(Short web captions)
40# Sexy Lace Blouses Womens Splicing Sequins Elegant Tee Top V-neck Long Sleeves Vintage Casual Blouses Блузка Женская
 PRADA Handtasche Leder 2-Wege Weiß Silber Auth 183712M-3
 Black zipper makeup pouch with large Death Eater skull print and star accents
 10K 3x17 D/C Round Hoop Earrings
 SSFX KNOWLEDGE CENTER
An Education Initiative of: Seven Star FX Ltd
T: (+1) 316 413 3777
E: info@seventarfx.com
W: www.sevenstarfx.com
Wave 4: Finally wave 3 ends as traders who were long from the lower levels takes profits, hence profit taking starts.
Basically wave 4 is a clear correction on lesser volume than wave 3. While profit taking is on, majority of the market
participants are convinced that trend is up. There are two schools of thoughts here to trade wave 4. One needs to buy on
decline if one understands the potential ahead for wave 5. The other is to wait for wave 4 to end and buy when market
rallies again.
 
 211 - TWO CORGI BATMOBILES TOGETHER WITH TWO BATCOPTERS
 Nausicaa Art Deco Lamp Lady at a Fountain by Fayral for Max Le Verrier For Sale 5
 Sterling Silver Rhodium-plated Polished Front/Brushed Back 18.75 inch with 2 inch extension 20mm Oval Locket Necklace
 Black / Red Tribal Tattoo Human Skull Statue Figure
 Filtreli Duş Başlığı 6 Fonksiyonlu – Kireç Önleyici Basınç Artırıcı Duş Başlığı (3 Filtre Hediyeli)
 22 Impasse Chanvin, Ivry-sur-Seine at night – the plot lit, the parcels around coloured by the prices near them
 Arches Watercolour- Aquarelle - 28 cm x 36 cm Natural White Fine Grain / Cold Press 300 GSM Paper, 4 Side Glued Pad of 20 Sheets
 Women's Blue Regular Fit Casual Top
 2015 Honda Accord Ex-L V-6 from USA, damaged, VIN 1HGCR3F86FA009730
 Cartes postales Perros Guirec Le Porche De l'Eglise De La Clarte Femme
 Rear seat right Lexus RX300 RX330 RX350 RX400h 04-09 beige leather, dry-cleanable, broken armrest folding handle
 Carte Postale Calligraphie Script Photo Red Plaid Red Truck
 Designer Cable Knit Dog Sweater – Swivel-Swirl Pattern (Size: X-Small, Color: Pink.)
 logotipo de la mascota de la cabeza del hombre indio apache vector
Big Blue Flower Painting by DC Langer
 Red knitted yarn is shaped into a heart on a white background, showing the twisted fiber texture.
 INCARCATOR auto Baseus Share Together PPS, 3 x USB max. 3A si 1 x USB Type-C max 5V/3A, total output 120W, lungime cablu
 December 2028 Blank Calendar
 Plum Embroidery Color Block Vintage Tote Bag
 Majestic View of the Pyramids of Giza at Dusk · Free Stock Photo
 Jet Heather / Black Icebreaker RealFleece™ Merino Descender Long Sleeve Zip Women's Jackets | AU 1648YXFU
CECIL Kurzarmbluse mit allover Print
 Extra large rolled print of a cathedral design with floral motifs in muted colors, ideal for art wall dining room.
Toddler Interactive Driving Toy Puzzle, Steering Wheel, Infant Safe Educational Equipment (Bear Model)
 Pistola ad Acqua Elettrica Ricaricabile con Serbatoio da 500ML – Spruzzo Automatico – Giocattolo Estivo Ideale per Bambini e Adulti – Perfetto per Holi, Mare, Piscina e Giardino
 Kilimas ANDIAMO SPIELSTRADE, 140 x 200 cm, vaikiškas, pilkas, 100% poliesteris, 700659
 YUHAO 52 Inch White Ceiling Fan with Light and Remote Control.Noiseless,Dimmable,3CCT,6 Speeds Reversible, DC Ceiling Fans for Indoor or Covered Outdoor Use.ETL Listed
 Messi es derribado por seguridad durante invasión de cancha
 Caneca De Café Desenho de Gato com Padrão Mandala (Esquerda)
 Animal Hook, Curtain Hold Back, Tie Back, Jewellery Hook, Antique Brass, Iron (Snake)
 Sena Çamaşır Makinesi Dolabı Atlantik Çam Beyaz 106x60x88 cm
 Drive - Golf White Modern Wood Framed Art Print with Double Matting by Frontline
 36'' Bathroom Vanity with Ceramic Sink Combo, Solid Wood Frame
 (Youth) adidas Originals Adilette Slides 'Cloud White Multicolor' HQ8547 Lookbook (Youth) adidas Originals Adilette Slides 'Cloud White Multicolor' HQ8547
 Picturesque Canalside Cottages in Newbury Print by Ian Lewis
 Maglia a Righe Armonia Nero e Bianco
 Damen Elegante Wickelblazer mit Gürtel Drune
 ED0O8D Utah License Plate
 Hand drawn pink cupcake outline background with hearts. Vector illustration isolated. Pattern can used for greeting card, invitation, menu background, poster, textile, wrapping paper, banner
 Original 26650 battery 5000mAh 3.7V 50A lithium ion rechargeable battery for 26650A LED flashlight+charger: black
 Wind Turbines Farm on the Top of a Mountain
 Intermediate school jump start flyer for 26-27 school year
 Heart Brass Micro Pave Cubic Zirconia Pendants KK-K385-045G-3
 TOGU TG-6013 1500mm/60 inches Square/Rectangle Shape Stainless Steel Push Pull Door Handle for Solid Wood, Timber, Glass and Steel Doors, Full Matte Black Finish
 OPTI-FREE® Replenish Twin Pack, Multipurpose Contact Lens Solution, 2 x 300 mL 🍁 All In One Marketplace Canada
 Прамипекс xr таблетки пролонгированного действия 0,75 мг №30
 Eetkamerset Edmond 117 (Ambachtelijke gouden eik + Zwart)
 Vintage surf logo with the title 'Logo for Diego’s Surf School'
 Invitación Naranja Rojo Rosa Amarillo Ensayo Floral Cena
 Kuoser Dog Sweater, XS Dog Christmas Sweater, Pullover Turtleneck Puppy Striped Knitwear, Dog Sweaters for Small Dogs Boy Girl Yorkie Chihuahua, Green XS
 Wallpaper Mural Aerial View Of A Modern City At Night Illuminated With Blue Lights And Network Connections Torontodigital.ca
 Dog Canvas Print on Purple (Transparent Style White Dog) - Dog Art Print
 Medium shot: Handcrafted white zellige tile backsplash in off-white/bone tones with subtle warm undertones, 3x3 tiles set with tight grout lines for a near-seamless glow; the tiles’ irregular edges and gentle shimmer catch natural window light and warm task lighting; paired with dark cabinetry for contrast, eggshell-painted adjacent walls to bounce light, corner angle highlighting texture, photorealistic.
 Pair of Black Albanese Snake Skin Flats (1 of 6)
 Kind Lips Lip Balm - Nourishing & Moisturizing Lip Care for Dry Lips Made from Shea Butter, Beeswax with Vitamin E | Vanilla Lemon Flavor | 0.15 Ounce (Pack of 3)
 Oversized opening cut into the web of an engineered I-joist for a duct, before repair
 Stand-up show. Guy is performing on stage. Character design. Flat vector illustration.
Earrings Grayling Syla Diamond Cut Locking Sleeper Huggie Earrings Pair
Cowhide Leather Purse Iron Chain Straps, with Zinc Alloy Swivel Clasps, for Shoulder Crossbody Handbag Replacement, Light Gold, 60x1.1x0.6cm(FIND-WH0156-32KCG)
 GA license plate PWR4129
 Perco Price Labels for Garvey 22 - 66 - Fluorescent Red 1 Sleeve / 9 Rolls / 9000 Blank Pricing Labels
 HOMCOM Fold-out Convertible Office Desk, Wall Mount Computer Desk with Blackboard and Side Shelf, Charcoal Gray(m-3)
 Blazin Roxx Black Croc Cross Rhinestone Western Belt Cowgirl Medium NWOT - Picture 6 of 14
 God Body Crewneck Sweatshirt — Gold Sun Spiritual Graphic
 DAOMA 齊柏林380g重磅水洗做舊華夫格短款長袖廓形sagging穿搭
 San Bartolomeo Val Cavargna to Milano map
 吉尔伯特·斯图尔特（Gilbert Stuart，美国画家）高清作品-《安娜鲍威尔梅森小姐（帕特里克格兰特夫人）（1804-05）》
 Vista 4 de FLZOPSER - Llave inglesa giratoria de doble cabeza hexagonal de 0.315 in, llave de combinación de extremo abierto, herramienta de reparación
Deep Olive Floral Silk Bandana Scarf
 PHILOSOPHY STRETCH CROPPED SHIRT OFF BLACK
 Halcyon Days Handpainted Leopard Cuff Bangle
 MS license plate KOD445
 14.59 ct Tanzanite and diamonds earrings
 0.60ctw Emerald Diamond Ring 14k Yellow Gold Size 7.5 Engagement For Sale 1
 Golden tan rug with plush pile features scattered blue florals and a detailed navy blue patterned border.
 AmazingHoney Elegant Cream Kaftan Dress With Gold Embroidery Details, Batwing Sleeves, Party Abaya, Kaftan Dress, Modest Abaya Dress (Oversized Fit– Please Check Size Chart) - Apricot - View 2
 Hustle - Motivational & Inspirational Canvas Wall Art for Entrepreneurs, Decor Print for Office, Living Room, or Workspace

### The problem
Look through the entries above and quote exactly the lines from the line with "INCARCATOR auto Baseus" to the line with "Jet Heather /", counting both of those lines.

### Result
 INCARCATOR auto Baseus Share Together PPS, 3 x USB max. 3A si 1 x USB Type-C max 5V/3A, total output 120W, lungime cablu
 December 2028 Blank Calendar
 Plum Embroidery Color Block Vintage Tote Bag
 Majestic View of the Pyramids of Giza at Dusk · Free Stock Photo
 Jet Heather / Black Icebreaker RealFleece™ Merino Descender Long Sleeve Zip Women's Jackets | AU 1648YXFU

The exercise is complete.